Aborting Justice Over Dead Bodies

Judie Brown
July 30, 2013
Reproduced with Permission
American Life League

Recently a comment was made to me that when a pro-life law is passed by a state legislature, it can be a hopeless victory. The reason is that, within days or weeks, the forces of death will orchestrate an action from a court at some level that will render the new law null and void.

My response to this scenario is standard. In 1973, seven of the nine male justices of the United States Supreme Court usurped the democratic process in 50 states by elevating themselves to the status of men-gods by issuing two rulings that overturned every state law that in any way put a crimp in the abortion industry. The Roe v. Wade and Doe v. Bolton decisions literally opened the floodgates to abortion on demand for any reason at any time during the period when a baby is growing within his mother's womb.

Today, 40 years later, we see the same scenario being played out, though the most popular tactic is the passage of a state law followed by the immediate judicial ruling against that law in any state that has the gumption to pass such a law. Most recently we saw this occur in Idaho and Arizona.

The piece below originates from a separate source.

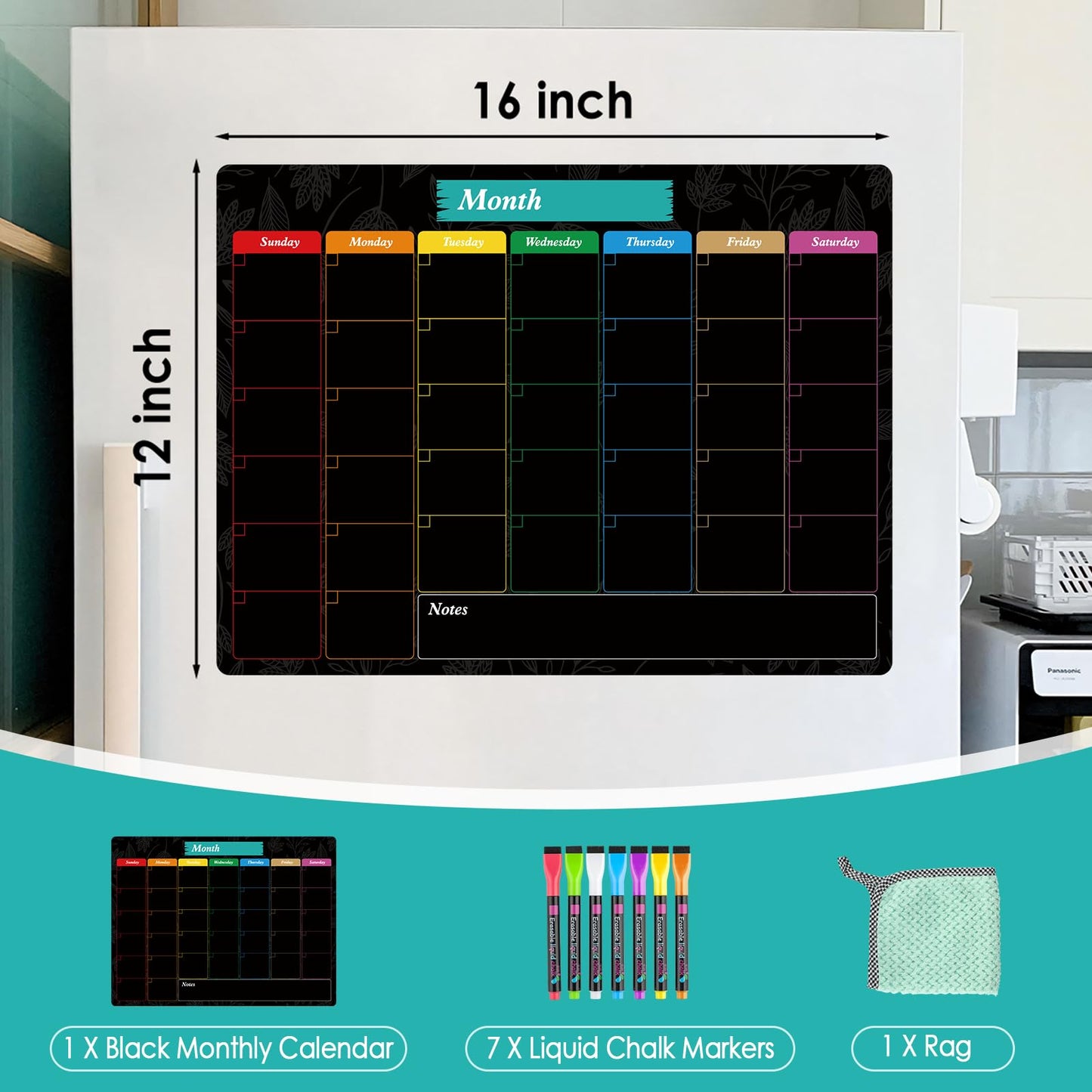 MaxGear Monthly Black Magnetic Calendar for Refrigerator, 16" X 12" Fridge Chalkboard, Magnetic Dry Erase Calendar White Board Planning Board for Fridge with 7 Fine Point Markers,1 Cloth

In Idaho, "U.S. District Judge B. Lynn Winmill stated that this ban violates women's constitutional rights by placing an 'undue burden' on those seeking abortions. His decision also addressed the state's foremost interest in the 'potential life of the fetus' before considering the lives of pregnant women themselves." In other words, the expectant mother's rights are primary. The baby is collateral damage.

In Arizona, the Ninth Circuit Court of Appeals struck down the 20-week abortion ban, suggesting that "such bans before viability violate a long string of U.S. Supreme Court rulings starting with the seminal Roe v. Wade decision in 1973." In addition, according to Fox News, "The judge wrote that 'a woman has a constitutional right to choose to terminate her pregnancy before the fetus is viable.'"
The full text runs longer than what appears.